The model was trained (see Methods IV D) on a training set of 48,000 simulated images which emulate GIXD images in polar space, encompassing a highly diverse configuration of Bragg reflections, scattering backgrounds and experimental artifacts (see Methods IV C and Supplementary Fig. 1). The performance of the trained model was first evaluated on a test set of 10,000 simulated images. Figure 2a, b show two examples of the simulated patterns. The green lines correspond to the peaks detected by the model. There were 175,344 peaks simulated for 10,000 images in total, of which 99.22% (173,990) were detected correctly, 0.78% (1354) were missed and 0.25% (439) of the detected peaks were false positives. As a performance metric (Fig. 2c, d) we chose to simply use the absolute peak center distance Δ∣Q∣ = ∣∣Qdetected∣ − ∣Qtruth∣∣ over the more commonly used metric Intersection over Union (IoU)23,25,26,27. This was done because we deemed the accuracy of the peak center to be more relevant to this task than the peak overlap. Figure 2c shows the distribution of Δ∣Q∣ for 173,990 peaks along with the cumulative curve; 95% of the peaks were detected with a Δ∣Q∣ below 0.366 pixels. A stochastic nature of the simulation process (see Methods IV C) unavoidably creates a small fraction of peaks which are unrecognizable due to noise, background, low intensity, etc. Figure 2d illustrates the distributions of falsely detected and missed peaks per image; only 4% of images contained at least one falsely detected peak and 8.5% of images had at least one missed peak. The number of false and missed peaks per image determines the correctness of structure determination. In our case, the vanishingly low numbers of false positive detections per image (0.044 peaks on average) and missed peaks per image (0.14 peaks on average) minimize the corresponding errors in the further analysis of GIXD images.

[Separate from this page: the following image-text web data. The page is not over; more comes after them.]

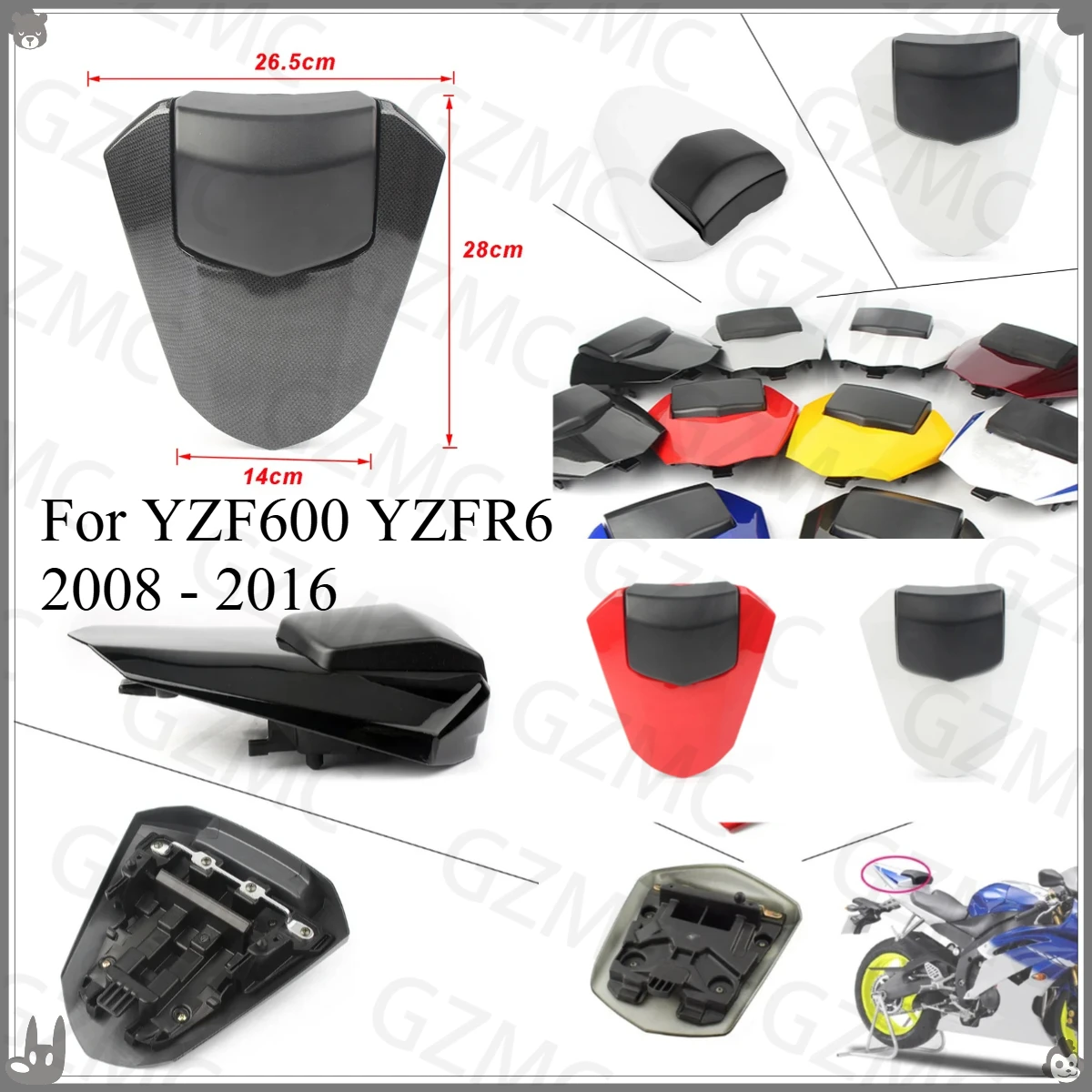 

Motorcycle Rear seat tail cover For Yamaha YZF600 YZF R6 2008 - 2016 Rear Passenger Seat Cover Rear Cover Fairing 2009 2014 2015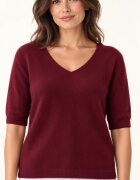 Shopika Pulover dama cu maneca scurta raglan si decolteu in V bordo
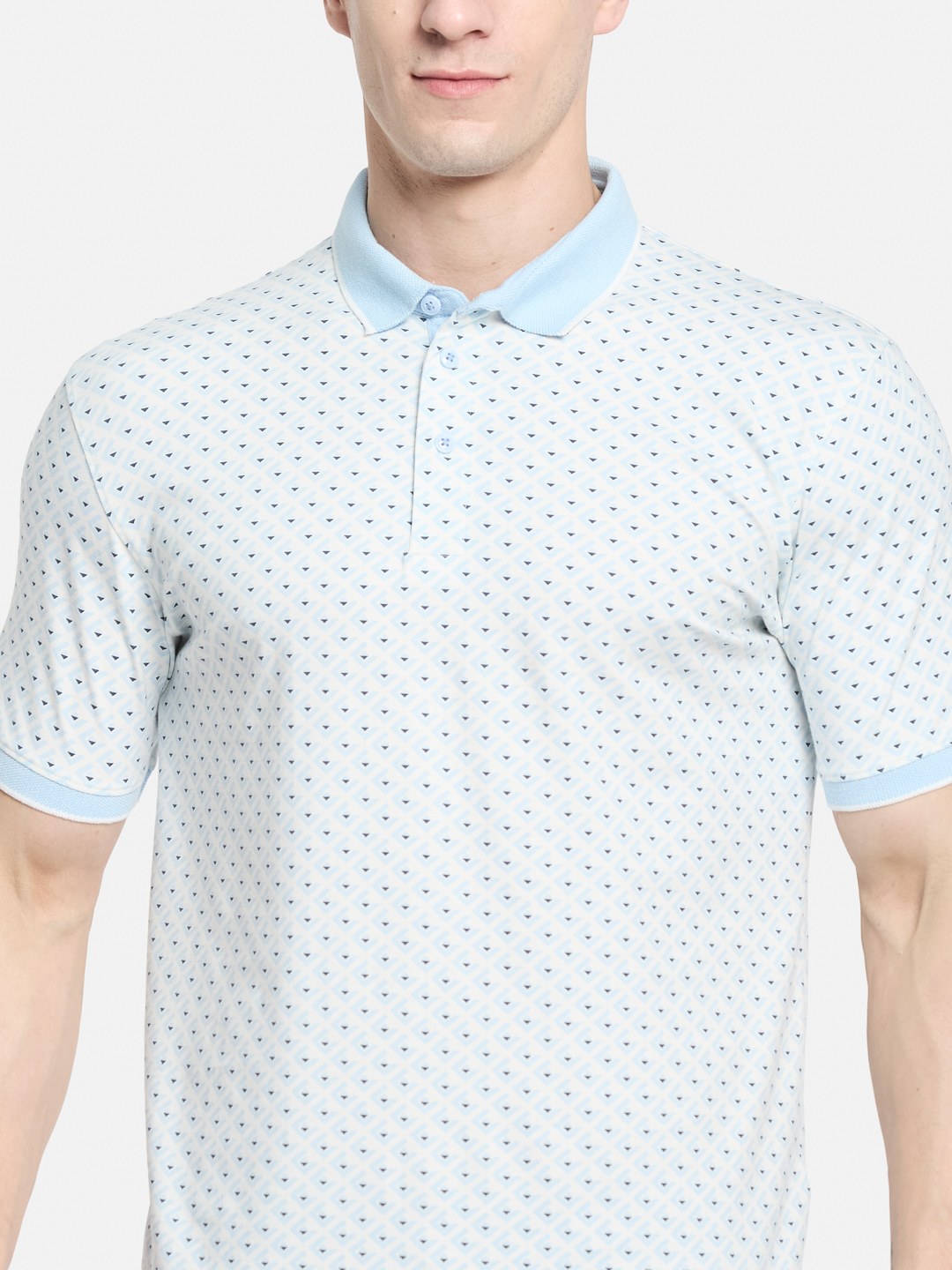 AOP MOTIF PRINT  POLO NECK SINGLE JERSEY KNIT LYCRA T-SHIRT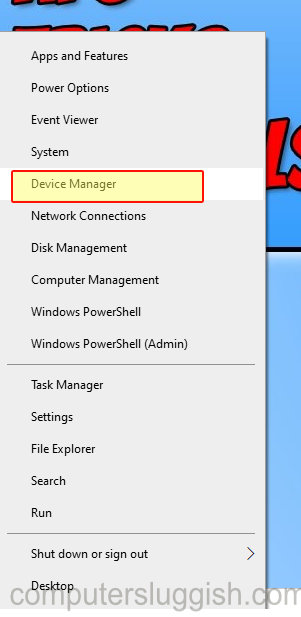 Windows 10 start context menu showing Device Manager.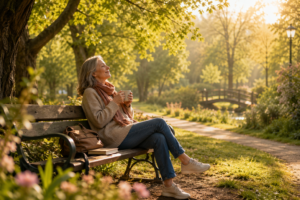 Une personne assise dans un parc, prenant un moment de repos, entourée d'arbres. La lumière du matin crée une atmosphère apaisante, suggérant bien-être et autonomie.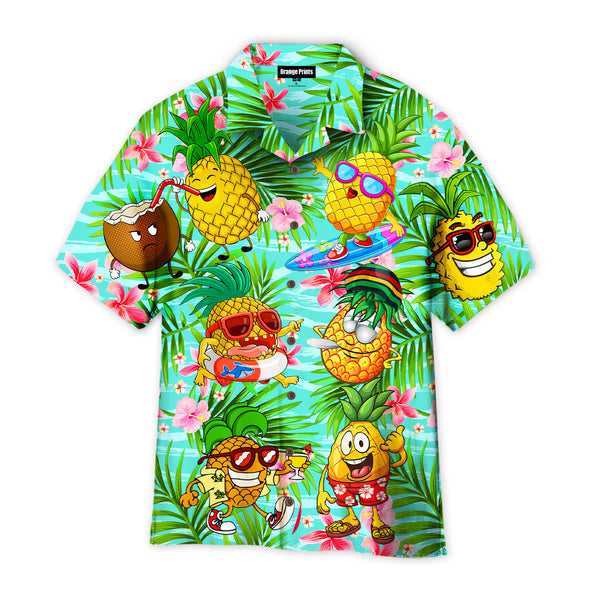 Funny Fruit Pineapple Love Summer Tropical Palm Leaves Pattern Hawaiian Shirt
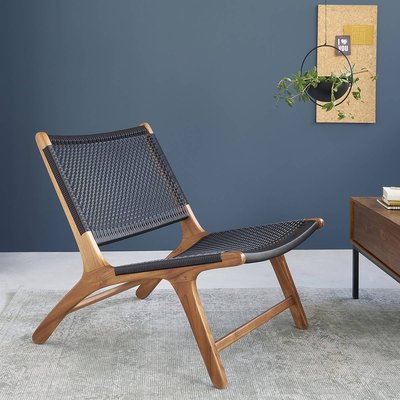 Fauteuil en teck massif et tissage LINA BERAH GETAH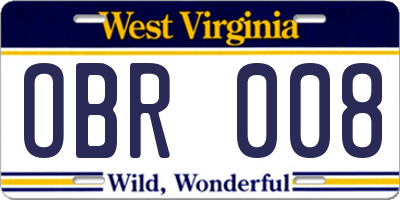 WV license plate OBR008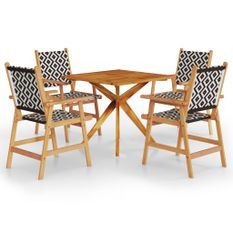 Ensemble de salle à manger de jardin 5 pcs Bois d'acacia massif 8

Fig. 2: Detection results on the simulated test set of 10,000 images.
figure 2

a and b Show two simulated patterns (left) and the corresponding detection predictions (right) in the polar coordinates \(| Q| ={({Q}_{z}^{2}+{Q}_{| | }^{2})}^{\frac{1}{2}}\) and \(\phi =\arctan ({Q}_{z}/{Q}_{| | })\). c The absolute ∣Qdetected∣ error distribution with cumulative curve; the error is below 0.366 pixels for 95% of the peaks. d Distribution of missed and falsely detected peaks per image.

We note that our neural network is lightweight (5.9 M parameters) and fast (122 images per second), which is essential for real-time GIXD data analysis. For comparison, the analogous unmodified Faster R-CNN model24 is substantially larger (41 M parameters) and slower (26 images per second), yet it misses 7% of the peaks on the test set. This result illustrates that our model is highly optimized for the task and outperforms much larger standard architectures. Furthermore, to justify the choice of the object detection algorithm and the importance of the second detection stage, we provide performance comparisons with two other types of object detection models: the one-stage detector and the segmentation model U-Net33. The results are summarized in Supplementary Fig. 2 (see Methods IV F for details). Both models exhibit lower detection accuracy than our two-stage detector. Compared to the one-stage detector, the second detection stage is particularly relevant for filtering out false positive predictions (the share of false positives for the one-stage detector is 5.6%). The segmentation model is indeed simpler in terms of implementation; however, in addition to a higher number of false positives (9.6%), it suffers from other systematic problems: the overlapping peaks cannot be separated, and single peaks can be detected as multiple peaks (see Supplementary Fig. 3); the accuracy of peak ∣Q∣ determination is limited by pixel size; the process of extracting peak positions from segmentation maps increases the inference time to 30 images per second.

In the light of these results, it is important to note that, although GIXD data is much harder for humans to interpret than the RGB photographs from typical benchmark object detection datasets, the presented model reached near-optimal performance on the test set. The average precision exceeded 99%, a value which has not yet been reached on datasets with RGB photographs with the current state-of-the-art results being around 60%34. These results provide evidence that the developed model architecture is well suited for the current task. This success inspired us to apply our strategy to specific scientific problems and automatize the experimental data processing, as explained below.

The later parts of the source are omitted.